Every time I go to weddings and see the happy looks on the bride and grooms faces, I think, “Boy, they’re in for a surprise.” Because that’s what relationships can do to you. They surprise you when you least expect it, good or bad. When you’re dating someone, chances are, they will be on their best behaviour because they want you to find them attractive. But what happens when the wedding guests have all gone and real life starts to sink in? When you realise that marriage is different than dating. I’m so blessed to have received the best relationship advice ever. A piece of advice that has helped keep us together through the good and bad times — be realistic and be kind.
Once the honeymoon period is over, some either stay together despite the initial shocks and some part ways. But don’t forget, there will be factors that will affect the relationship like finances, chores and expectations. Know that every relationship has its ups and downs and that it’s normal to disagree on things. What matters is how you work together as a team. Having realistic expectations doesn’t mean that you have to settle with a partner who isn’t great. It simply means that you have to be OK with a partner who is human, just like you—and who, like you, is imperfect. Our culture puts a lot of pressure on romantic relationships. Unfortunately, that’s not real life.

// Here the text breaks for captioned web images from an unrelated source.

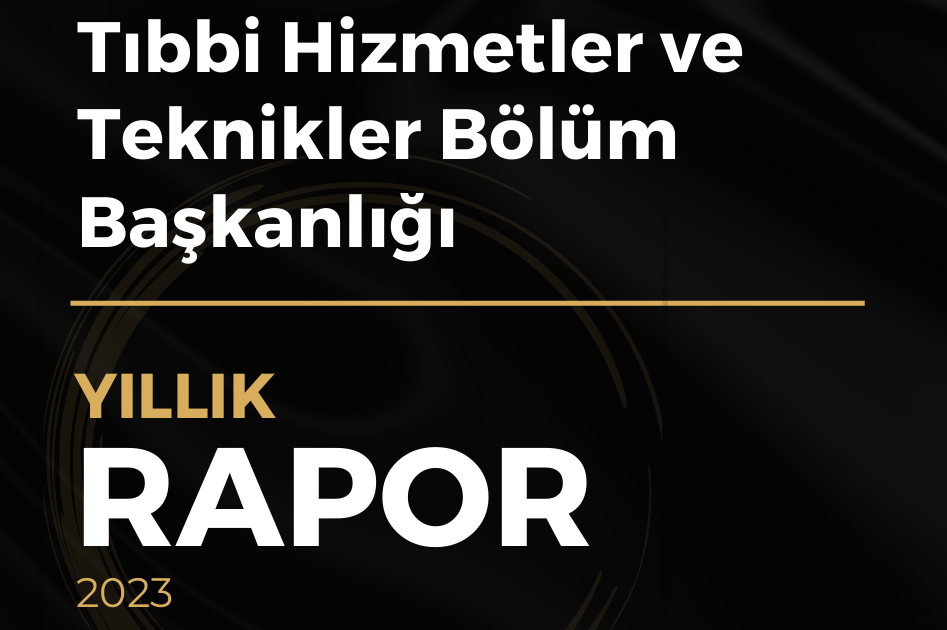 2023 Yılı Bilimsel Araştırma Raporu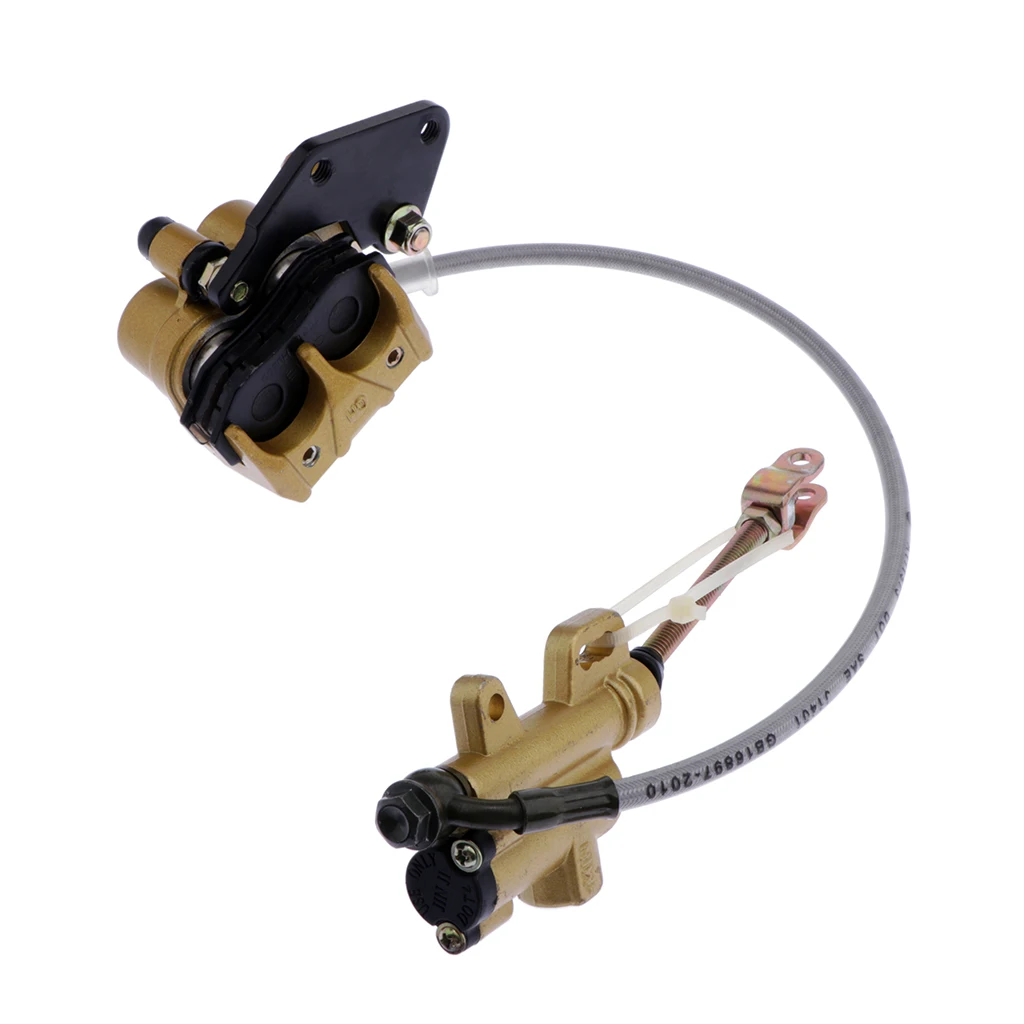 MagiDeal Rear Hydraulic Brake Master Cylinder Pump For Yamaha RAPTOR 660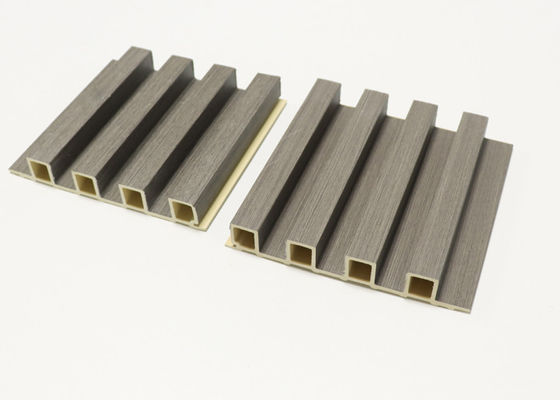 Wood Plastic Composite Interior WPC Wall Panel Fluted WPC Wall Panel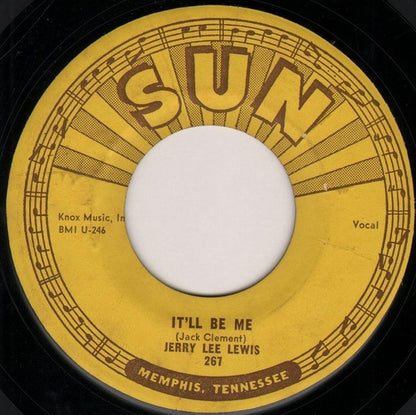 Whole Lot Of Shakin' Going On / It'll Be Me (7" VINYL) | Very Good Plus (VG+) Generic - ROCK / USED *VERY GOOD+*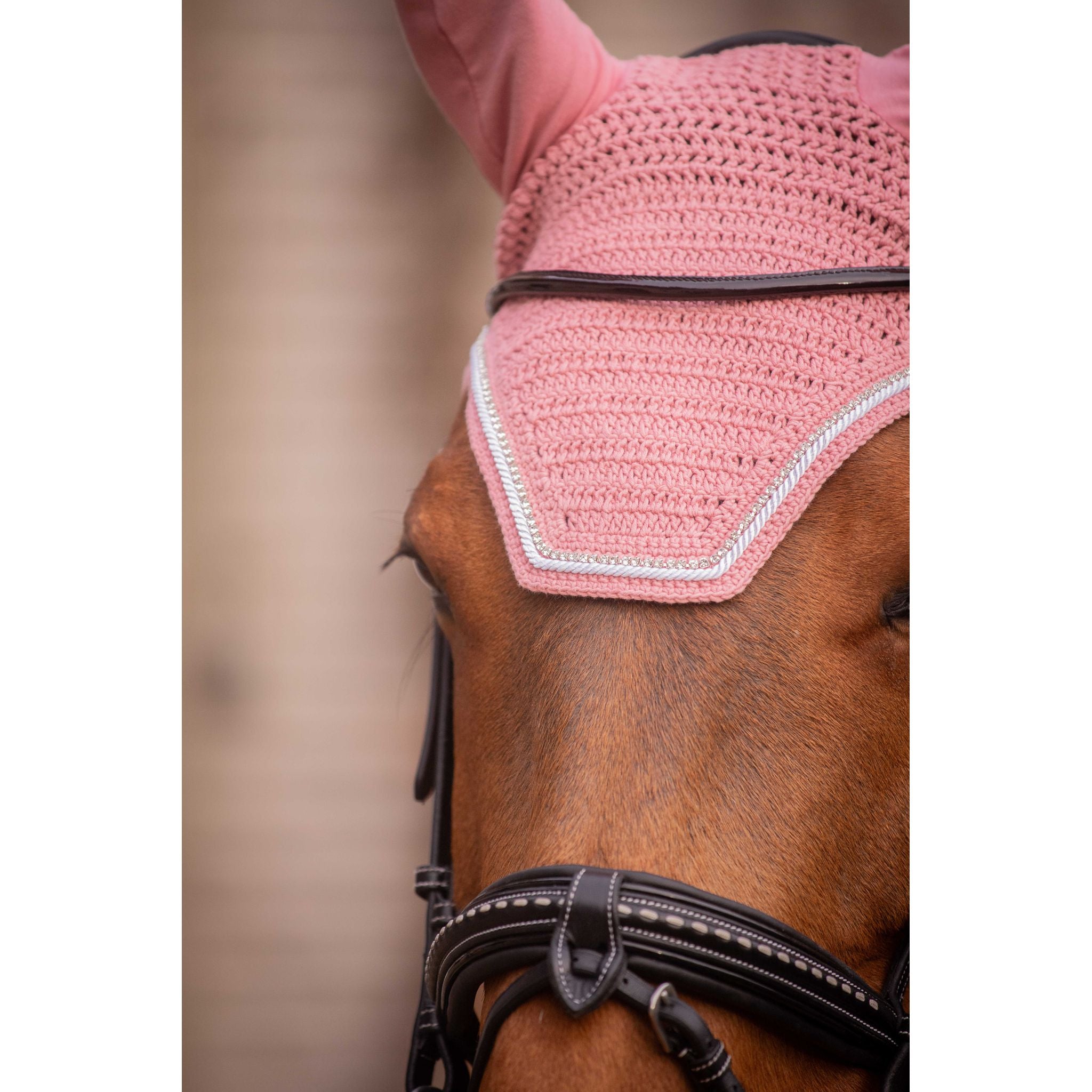 Pénélope Diamant Fly Veil Antique pink - 306894016_ambi_4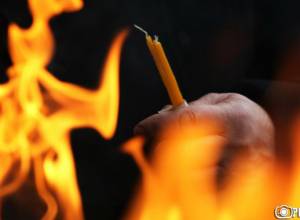 Holiday of St. Sargis celebrated in Yerevan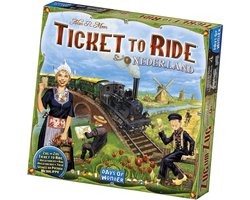 Omgoods - Bordspel Ticket to Ride Europe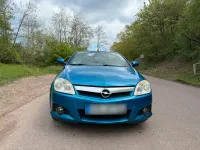 Gebraucht Opel Tigra 90 PS (66 kW) 2009 Blau Cabrio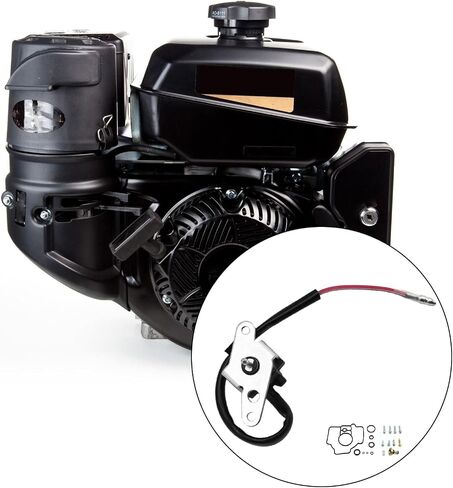 مجموعة الملف اللولبي لإيقاف الوقود 2475703-S 24-757-01-S لاستبدال Kohler CH25 CH620 CH730 CV20 CV640 لاستبدال محركات Kohler Command PRO ذات الأسطوانة المزدوجة in Saudi Arabia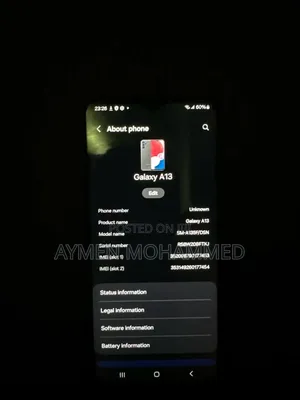 Samsung Galaxy A13 128 GB Black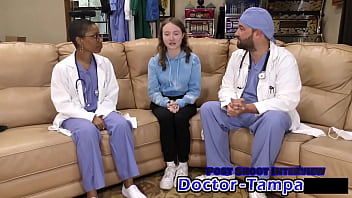 Dr Tampa - This Rectal Exams Just A Formality, Right? - Serena Morgan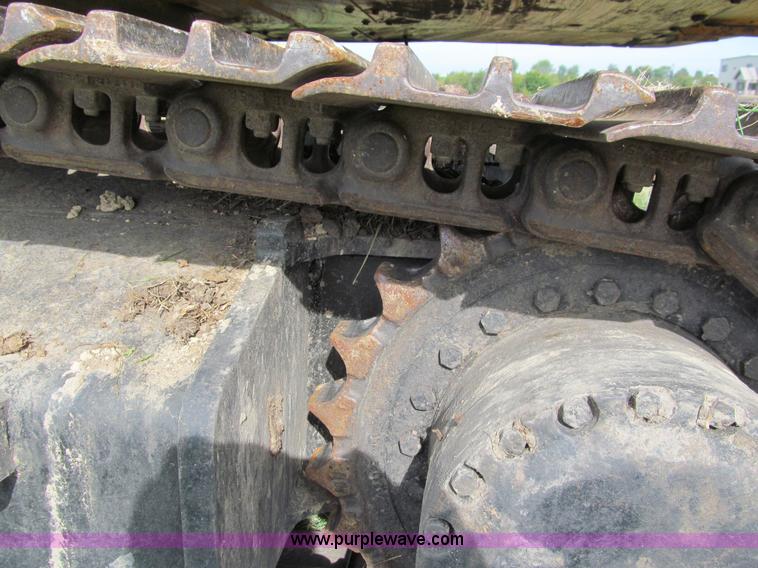 image for item I9785 2006 Hyundai Robex 160LCD-7 hydraulic excavator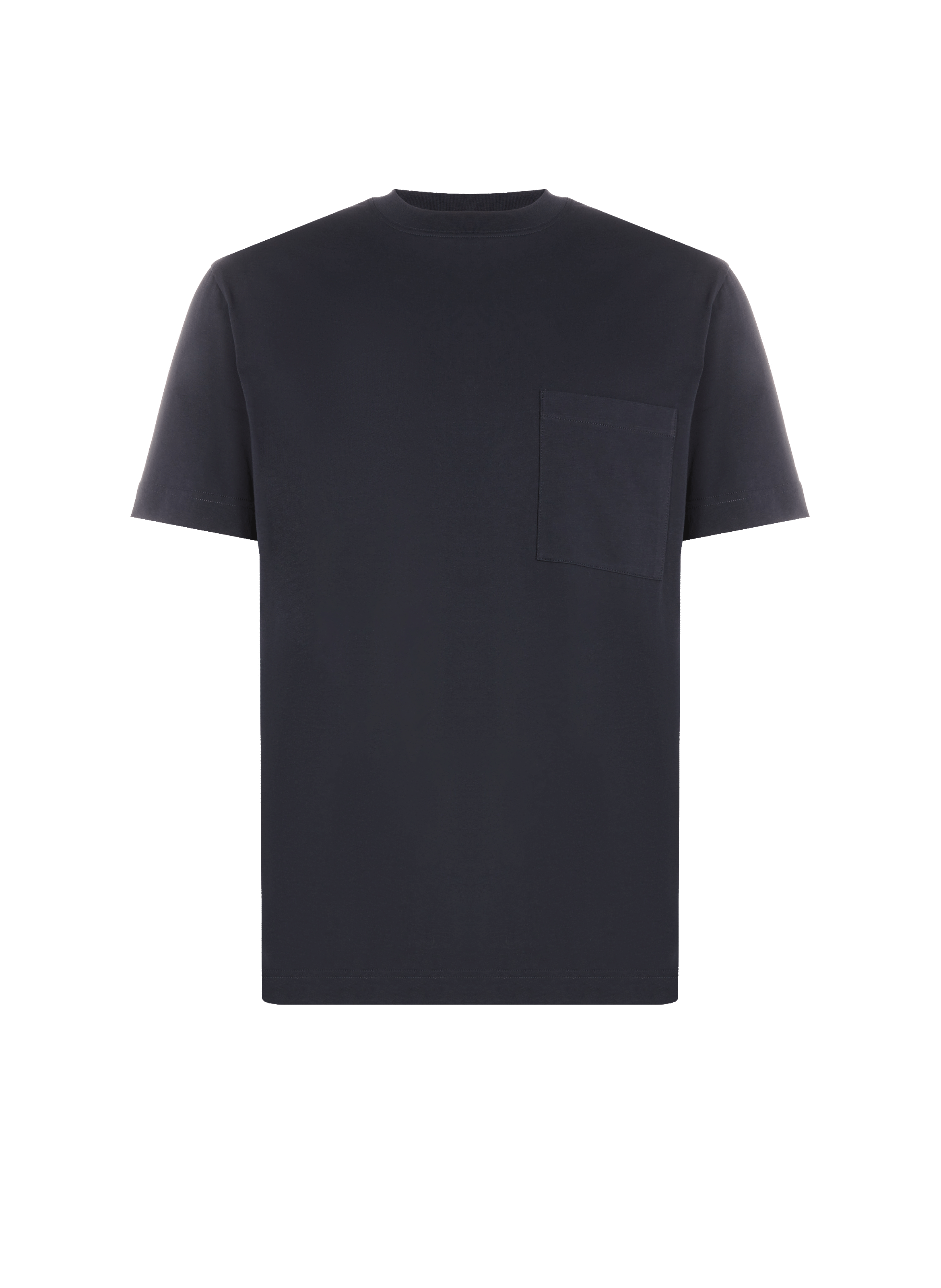 T-shirt col rond en coton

At the same time, remember to be kind — to yourself and to your partner. Don’t engage in a tit-for-tat mentality. It’s easy to want to quantify how much you do for your partner. However, if you are doing things for your partner, do it because it makes you feel good and not so you can get ahead in the scorebook. Kindness need not be quantified. Most of all, remember to be kind to yourself. Perfection is great but not to the point that you will burn yourself out.